15. INDEMNIFICATION BY VT-ETV. VT-ETV will defend, indemnify, and save
harmless the University from and against all liabilities, obligations, claims,
damages, penalties, causes of action, costs, and expenses (including, but
without limitation, reasonable attorney's fees and expenses) imposed upon,
incurred by, or asserted against the University or against the Premises by
reason of the occurrence or existence of any of the following during the term
hereof or thereafter while VT-ETV is in possession of the Premises and
resulting from or arising out of VT-ETV's occupancy:
(a) any accident, injury to or death of persons, or loss of or damage
to property occurring on or about the Premises or any part thereof as a result
of or in connection with any condition at the Premises;
(b) any failure on the part of VT-ETV to perform or comply with any
of the terms of this Lease;
(c) performance by VT-ETV or its agents, employees, or contractors
of any labor or services or the furnishing or sale of any materials or other
property; or
(d) any negligence or tortious act on the part of VT-ETV or any of
its agents, contractors, sub-lessees, licensees, or invitees.
In case any action, suit, or proceeding is brought against the University
by reason of any such occurrence, VT-ETV, upon the University's request, will
at VT-ETV's expense resist and defend such action, suit, or proceeding or cause
the same to be resisted or defended by counsel designated by VT-ETV. The
obligations of VT-ETV under this section shall survive any termination of this
Lease for any cause of action arising during the term of this Lease.

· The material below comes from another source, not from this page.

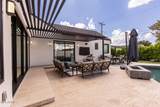 3118 42ND Street - Photo 78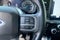 2023 Ford F-150 XLT SPORT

16. EMINENT DOMAIN. In the event the Premises shall at any time during
the term of this Lease be taken by any public authority or agency for any
public use, the entire damages which may be awarded for the taking of the
Premises shall be equitably apportioned between the University and VT-ETV,
taking into the account the value of their respective interests in the
Premises. In the event only a part of the Premises shall be taken for the
public use and such taking does not render the Premises unsuitable for VT-ETV's
conduct of television broadcast and telecommunications operations, but such
taking does diminish the ability of VT-ETV to utilize the Premises as
previously utilized, the rent for the remainder of the term of this Lease shall
then be reduced or refunded to VT-ETV in proportion to the part of the Premises
so taken. If the taking is of the entirety, of the Premises, this Lease shall
terminate. If the taking is of less than the entirety of the Premises, but
nonetheless a substantial portion, VT-ETV may terminate this Lease by notifying
the University within a reasonably prompt time after delivery of the notice
required herein.
17. TERMINATION. The University may, if the University so elects, and
with or without demand or notice whatsoever, except as hereinafter expressly
provided terminate this Lease or VT-ETV's right to possession (one or both)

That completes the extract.